3. The method of claim 2, wherein deploying the first computational-workflow within the second computational-workflow environment further comprises:
generating, based on a language associated with the second computational-workflow environment, a second computational-workflow corresponding to the first computational-workflow that is configured to be executed within the second computational-workflow environment; and
deploying the second computational-workflow to the second computational-workflow environment.
4. The method of claim 2, wherein determining the set of operational dependencies for the computational-workflow further comprises:
extracting metadata from each operation of the set of operations of the computational-workflow;
parsing the extracted metadata to determine an input specification and an output specification for each operation of the set of operations;
identifying, for a first operation of the set of operations, a second operation of the set of operations, based on the architecture of the computational-workflow, that is configured to be executed based on an execution of the first operation;
identifying an input specification for the second operation; and
determining a first operational dependency of the set of operational dependencies using the output specification of the first operation and the input specification of the second operation.

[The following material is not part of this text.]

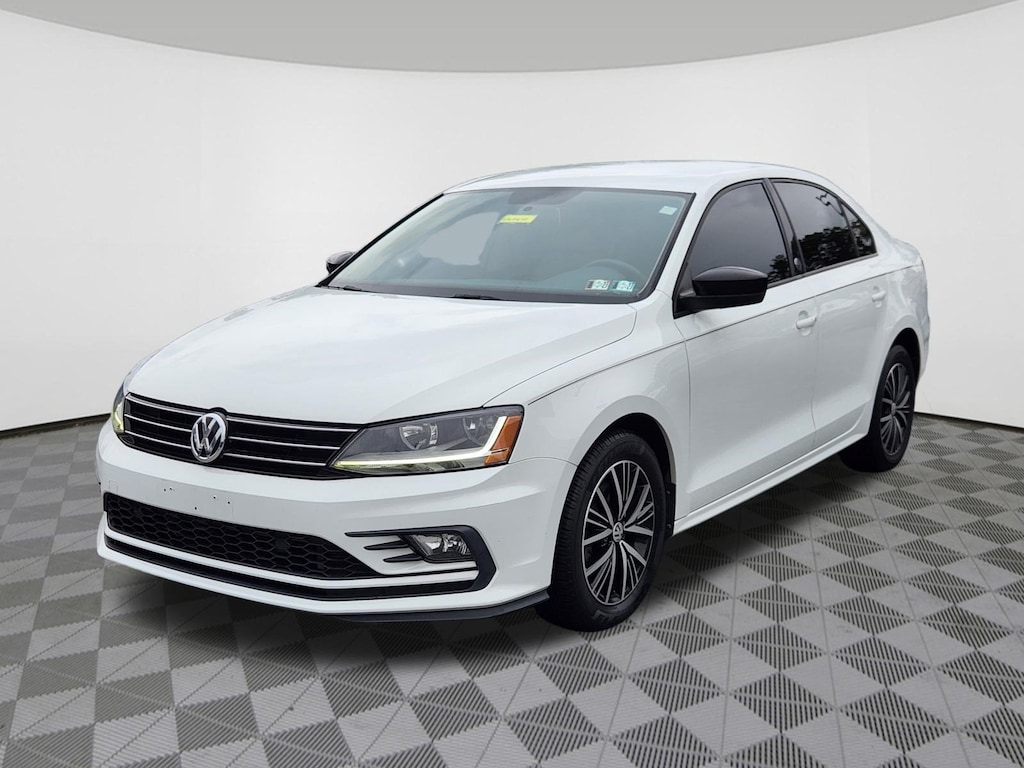 Used 2018 Volkswagen Jetta 1.4T Sedan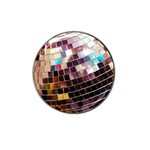 Disco Ball Hat Clip Ball Marker (4 pack) Front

5. The method of claim 2, wherein determining the set of operational dependencies for the computational-workflow further comprises:
extracting metadata from each operation of the set of operations of the computational-workflow;
parsing the extracted metadata to determine a set of computational resource requirements for each operation of the set of operations; and
determining a first operational dependency for each operation of the set of operations using the determined set of computational resource requirements.
6. The method of claim 2, wherein determining the set of operational dependencies for the computational-workflow further comprises:
extracting metadata from each operation of the set of operations of the computational-workflow;
parsing the extracted metadata to determine a set of execution constraints for each operation of the set of operations; and
determining a first operational dependency for each operation of the set of operations using the determined set of execution constraints.
7. The method of claim 2, wherein determining the set of operational dependencies for the computational-workflow further comprises:
extracting metadata from each operation of the set of operations of the computational-workflow;
parsing the extracted metadata to determine a priority for each operation of the set of operations; and
determining a first operational dependency for each operation of the set of operations using the determined priority.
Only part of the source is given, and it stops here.